In petrified fear they stood staring at the remains of this unspeakable abomination which seemed to contradict nature, but which in reality merely emphasized her commonest manifestation. The enormous size of those obscene legs was no more than the natural outcome of the sudden overthrow of a delicate balance holding normal growth in check. Destruction of certain glands in the human body, or misguided tampering with their perfectly adjusted excretions, might well result in a corresponding monstrosity of a man. What had suddenly shattered the mechanism of control in this instance? Neither man could guess, although Brown might have suspected, had he known the details of Bork's attempted suicide.

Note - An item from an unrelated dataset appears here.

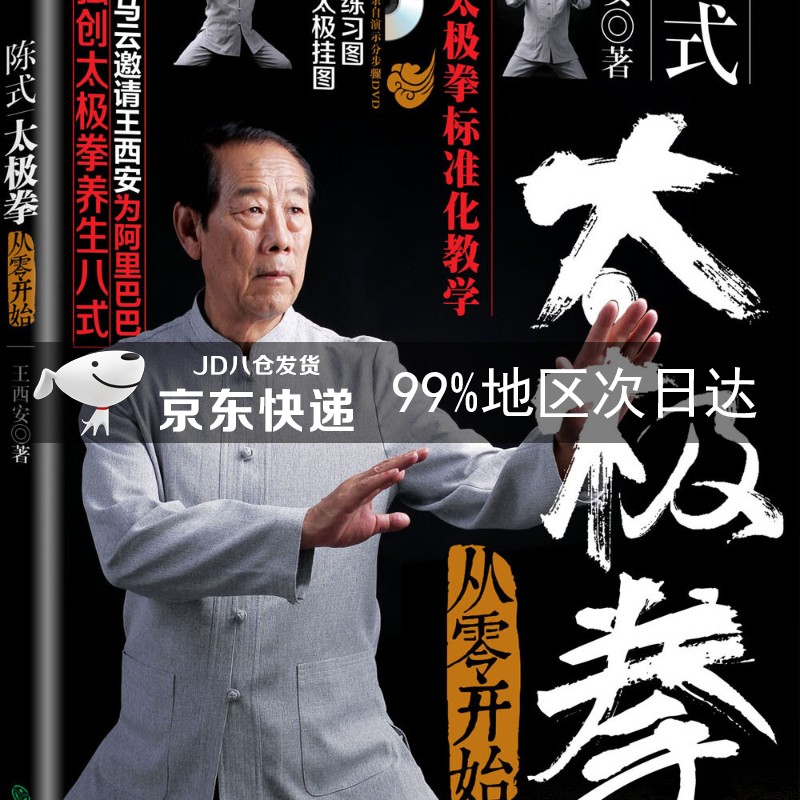 陈式太极拳 从零开始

The full sunlight had a horrifying effect on the remains. First the smooth black legs swelled slightly, as it filled with an expanding gas. The crushed legs then stiffened and straightened slightly under the increased pressure, and the skin tightened. Was that horrible fragment trying to live and walk? The pressure increased, and the legs began to glisten as if recovering their vitality. Then the joints of all cracked simultaneously; the eight black husks collapsed under the escaping gas, and all rapidly withered, wrinkling in black decay, like the skin of a perfectly embalmed mummy suddenly exposed to the light and air after centuries in the cold darkness of its hermetic tomb. Within ten seconds only a tangled knot of shriveled wisps of skin remained.

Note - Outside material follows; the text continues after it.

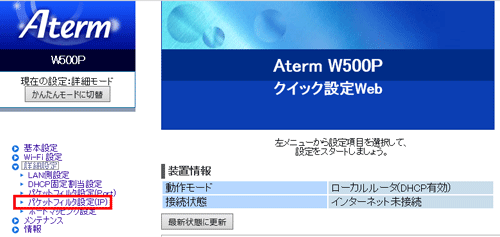 設定画面イメージ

"Did you see it?" they panted together.

The two men stared into one another's faces.

"I don't believe it happened," Crane muttered. "We're both crazy."

"But the smell? It's still pouring out of that door. We must see what is in there."

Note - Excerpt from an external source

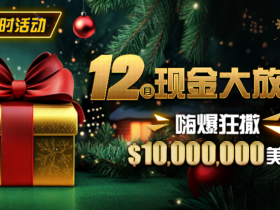 【红龙扑克】限时活动:12月最全优惠狂撒1,000万美金!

"Not without a light. I'll lock the door and leave you on guard. If anyone wants to get in tell them we have an experiment going, and say I asked that everybody keep out for twenty-four hours."

With shaking hands Crane locked the door and hurried off to the workshops. In ten minutes he was back, trundling an oxy-acetylene blowpipe with four cylinders of gas, half a dozen globes for the floodlights, and two electric torches. He had recovered sufficiently to minimize the danger.

"I thought we might want to clean up after we've seen what there is to see," he grinned, pointing to the blowpipe. "This will throw a four-foot jet of flame hot enough to scorch the devil himself. How are your nerves? The walk did mine good. After all there must be some simple explanation for whatever has happened. Anything that can be explained is nothing to be afraid of. Well, are you ready? We shall have to stand the smell."

While Brown played one flashlight on the lintel of the steel door and spotted the other on the path that Crane must take through the darkness, the latter set his jaw and rolled the truck with the blowpipe up to the gallery of the switches. Then he hastily locked the door and left his key in the lock. The odor had decreased somewhat, owing to the partial airing the laboratory had received while the men stood viewing the dissolution of at least one of the dead enemy, but it was still foul enough. Tying their handkerchiefs over the lower part of their faces, the two set grimly to work.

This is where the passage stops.